We demand a lot of the digital devices that we carry with us every day. We expect them to take all the abuse we put them through, from early morning until late at night. We depend on them. Unfortunately, our cell phones, PDAs, audio players and notebook computers won't run forever. They all depend on battery power to keep them alive and kicking.
While some batteries seem to go forever, eventually they have to be recharged. And recharging is, at the very least, inconvenient. So if we can stretch the battery's life between charges, the fewer recharges we will have to perform.
And lucky for us, stretching battery life is often fairly simple. All we have to do is decrease the drain on the battery. There are a number of ways we can do that.
First, disable Bluetooth when it's not needed. Bluetooth is a short range wireless technology found in many notebook computers, PDAs and in a majority of cell phones currently on the market. Unbeknownst to many people, Bluetooth stays on and broadcasts a signal even when it's not actively being used.

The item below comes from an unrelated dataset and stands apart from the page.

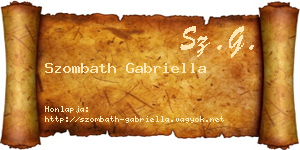 Szombath Gabriella névjegykártya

In fact, some people see significant increases in battery life after Bluetooth is disabled, as the technology is fairly very battery intensive.
Two, disable wireless networking when it's not needed. The wireless networking hardware found in many of today's notebook computers and PDAs waste a lot of battery power constantly searching for potential wireless networks to connect to.

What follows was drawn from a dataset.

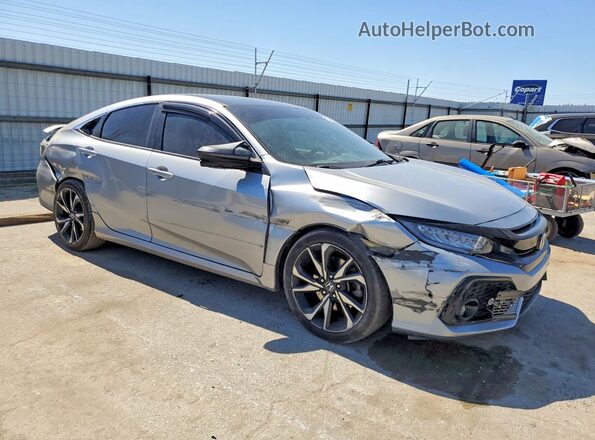 2HGFC1E53HH704195 2017 HONDA CIVIC Silver Przód prawy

Some notebook computers have a physical switch on the front or side of the computer that powers off the wireless networking hardware inside. Many notebooks also have an icon in the system tray near the system clock that can disable the wireless hardware with a click of the mouse.

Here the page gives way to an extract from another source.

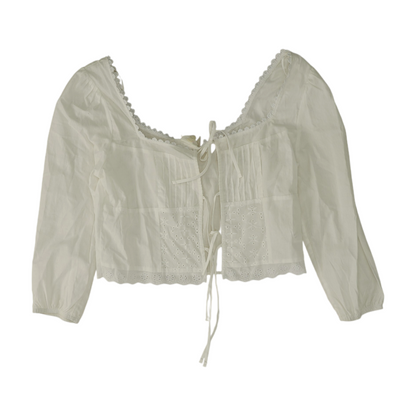 White Cropped Blouse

Three, dim the LCD screen so it's not as bright. The brighter the screen is, the more battery power the device will consume. Luckily, most notebook computers dim the screen automatically when on battery power, but display settings can override that behavior, preventing the screen from dimming when AC power is unavailable.
Four, disable system sounds. Many cell phones, for example, play a sound every time a key is pressed or a picture is taken.
Five, if the digital device is a digital audio player, like an iPod or Zune, consider purchasing a model that does not use a magnetic hard drive for music storage. Unlike Flash based drives, magnetic hard drives have a number of moving parts, which translates to greater power usage, and thus, shorter battery life.
Unfortunately, nothing can store as much music as a magnetic hard drive. Players with flash drives are severely limited in storage capacity, but they do last significantly longer on battery before a recharge is needed.
Six, try to avoid using digital devices in extreme temperatures. Electronics don't operate as efficiently in really hot or really cold environments. That means shorter battery life.
Seven, turn off the GPS receiver in your cell phone when it's not being used to seek a location. Even if the GPS features are not in use, the phone will constantly attempt to find GPS satellite signals, which will put a severe drain on the battery.
So master your battery usage, and you'll find yourself charging your battery a lot less often.